ITEM 11.  ADDITIONAL INFORMATION.

      Item 11 of the Schedule TO is hereby amended and supplemented to include
the following information:

      Aaron Parnes and Furtherfield Partners, L.P., each a purported
shareholder of the Company, separately instituted actions relating to the
Offer in the Court of Chancery of the State of Delaware, County of New Castle
on August 28 and 29, 2000, respectively. The complaints name as defendants
the Company, the Rothmans and the other directors of the Company, John Oliva,
Sr., Jane Vargas and John F. Barry, Jr., and Bernard Rosenblum (the "Other
Individual Defendants"), each of whom, along with each of the Rothmans, is a
director of the Company. The Rothmans and Jane Vargas are officers of the
Company. Each complaint states that the action is a class action on behalf of
the Company's shareholders, other than the Rothmans and the Other Individual
Defendants (the "Class"). The complaints allege, among other things, that the
Rothmans, with the acquiescence of the Other Individual Defendants, have
breached their fiduciary duties as controlling shareholders of the Company by
engaging in a self-dealing transaction to the detriment of the respective
plaintiffs and the other members of the Class. The plaintiffs further allege
that the Offer Price to be paid pursuant to the Offer is unfair and
inadequate. The suits seek injunctive relief, rescission of any consummated
transactions, damages and attorney's fees.

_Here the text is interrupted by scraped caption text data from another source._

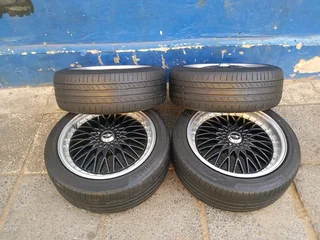A set of 17inch original Eagle rims universal PCD 5x112 / 5x100 PCD with continental tyres for Golf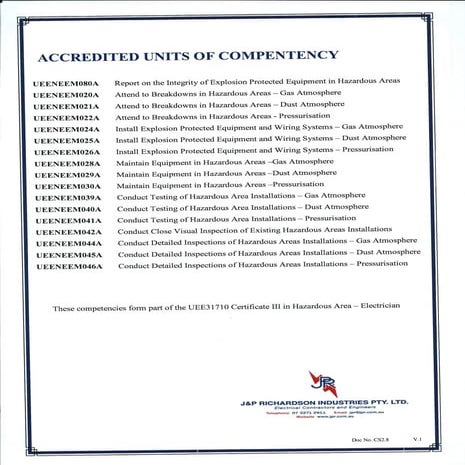 2013 CCummins Units of Compentency Hazardous Areas 2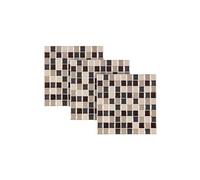 Autocollants décoratifs 3D (x3) - 26 x 26 cm - Mosaïque Brun/beige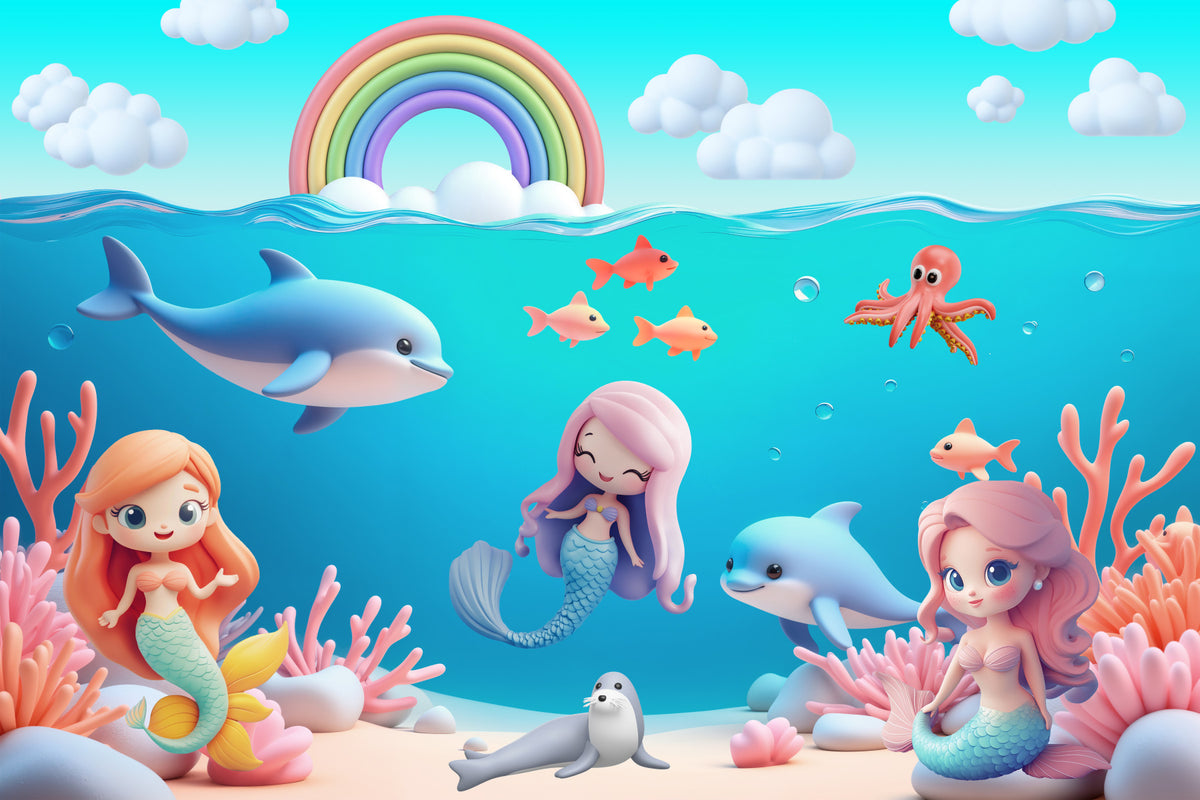 Rainbow Reef Wall Mural in your room — zoomed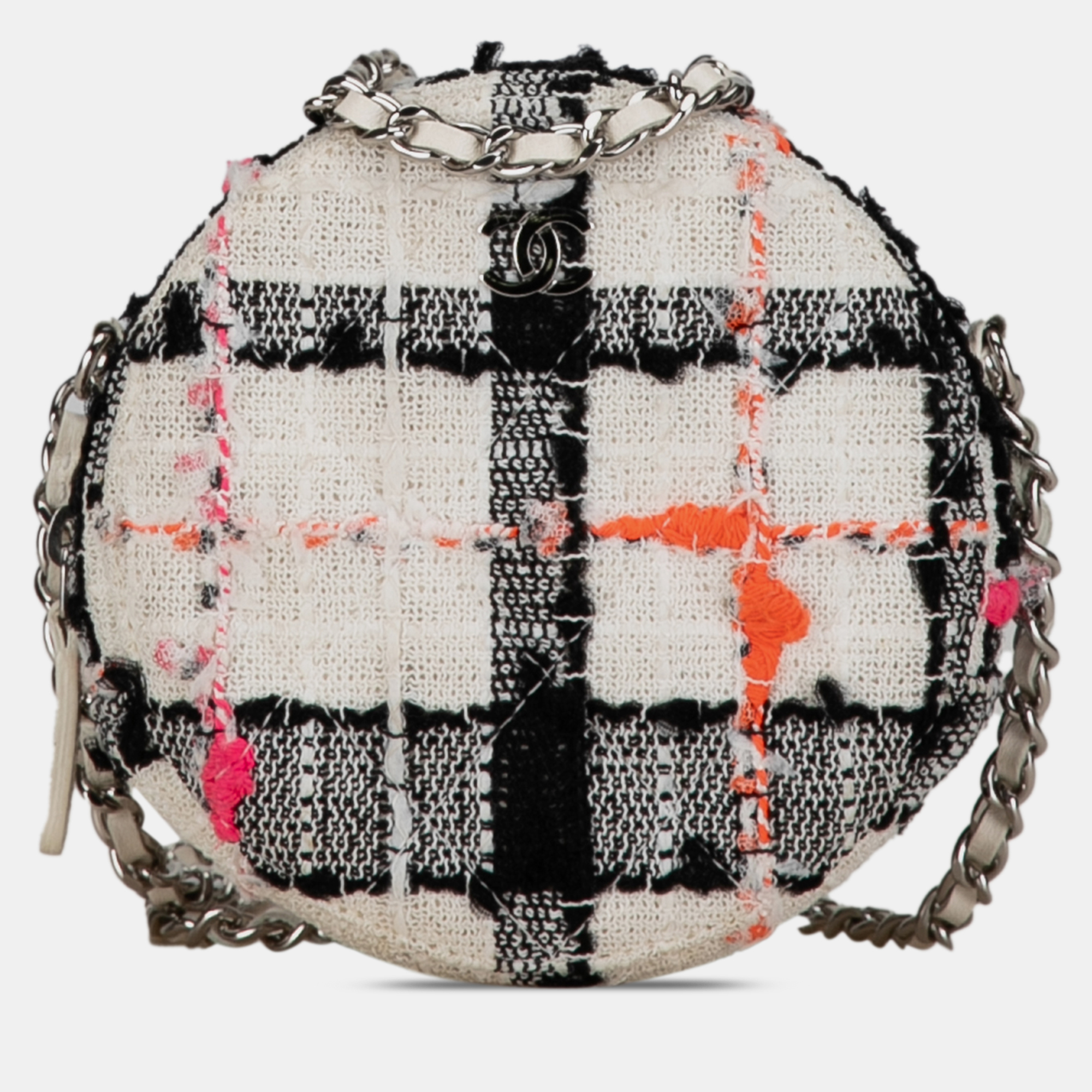 

Chanel Quilted Tweed Round Clutch With Chain, Multicolor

      In addition, on August 29, 2000, Kevin Beswick, also a purported
shareholder of the Company, instituted an action in the Court of Chancery of
the State of Delaware, County of New Castle against the Parent, the
Purchaser, the Rothmans, the Company and the Other Individual Defendants. The
complaint states that the action is a class action on behalf of the Class and
alleges, among other things, that the Parent, the Purchaser and the Rothmans,
with the acquiescence of the Other Individual Defendants, breached their
fiduciary obligations to the Class by engaging in self-dealing and not acting
in good faith. The suit seeks injunctive relief, rescission of any
consummated transactions, damages and attorney's fees.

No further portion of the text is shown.